Note that matrix43_t is laid out so that three translation components are adjacent to each other in memory (I don’t use the term “whatever major” here because it’s very misleading); in our real code, rows actually consist of four components, with the fourth one being undefined for matrix43_t (of course, all operations should proceed as if the column was filled with 0 0 0 1). Similarly, vector3_t has four components, with the fourth one being undefined (this affects aabb_t). This is something that is assumed to stay this way forever, so all of our discussed code will somehow work around that when needed. From the next post and onwards, data layout of the sample code will be exactly the same as in our engine, I’ve omitted padding fields in today’s version for simplicity.

The testing methodology is simple – I compile the code for SPU using a compiler from Sony’s toolchain with -O3 level of optimization (the code is C99, by the way), and then run it via SPU simulator. This is an extremely useful tool that’s provided by Sony for PS3 developers, which can run a SPU program and, for example, report run statistics – cycles elapsed, various stalls, etc. As far as I know, IBM has a public simulation suite with comparable capabilities, but since it requires Linux I never bothered to test it out. The number of cycles that the tool reports is then slightly reduce to account for some startup overhead (which is 34 cycles), so the number that I present here is the number of cycles for non-inlined call, with included function call overhead. For the reference, I’ll include expected run time on a million OBBs (on one SPU, obviously), and corresponding run times of more or less the same code for PC (on my Core2 Duo 2.13 GHz), compiled with gcc 4.3.0 and MSVC 8.0 (SPU intrinsics will be replaced with SSE1 code). Those are only for reference, don’t quote me on them :)

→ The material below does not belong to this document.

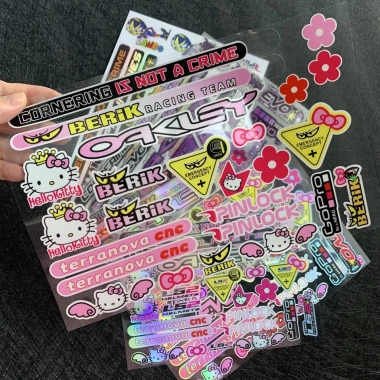 Đề can phản quang Hello Kitty mũ bảo hiểm xe máy, giảm giá 77.000 đồng 5 Đề can phản quang Hello Kitty mũ bảo hiểm xe máy, giảm giá 77.000 đồng 5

The cycle count for this naïve code is 1204, which (given a 3.2 GHz SPU) translates to 376 msec per million calls. The same code gives me roughly 84 msec when compiled with gcc (switches -O3 -msse) and 117 msec when compiled with cl (switches /O2 /fp:fast /arch:SSE). The test runs on the same data each time (taking care that processing is actually being performed), which excludes cache misses from the picture; the actual data is the same for SPU and PC tests and consists of a small box being completely inside the frustum – so that’s a worst case for the outer loop (we have to test the box against all planes only to report that it’s actually visible), although that’s a best case for the inner loop (the first vertex tested for each plane is inside, so we can bail out early). I don’t have any real-world average statistics on iteration counts of those loops; anyway, eventually we’re going to eliminate some, and then all of those branches, so that the code will perform at constant speed.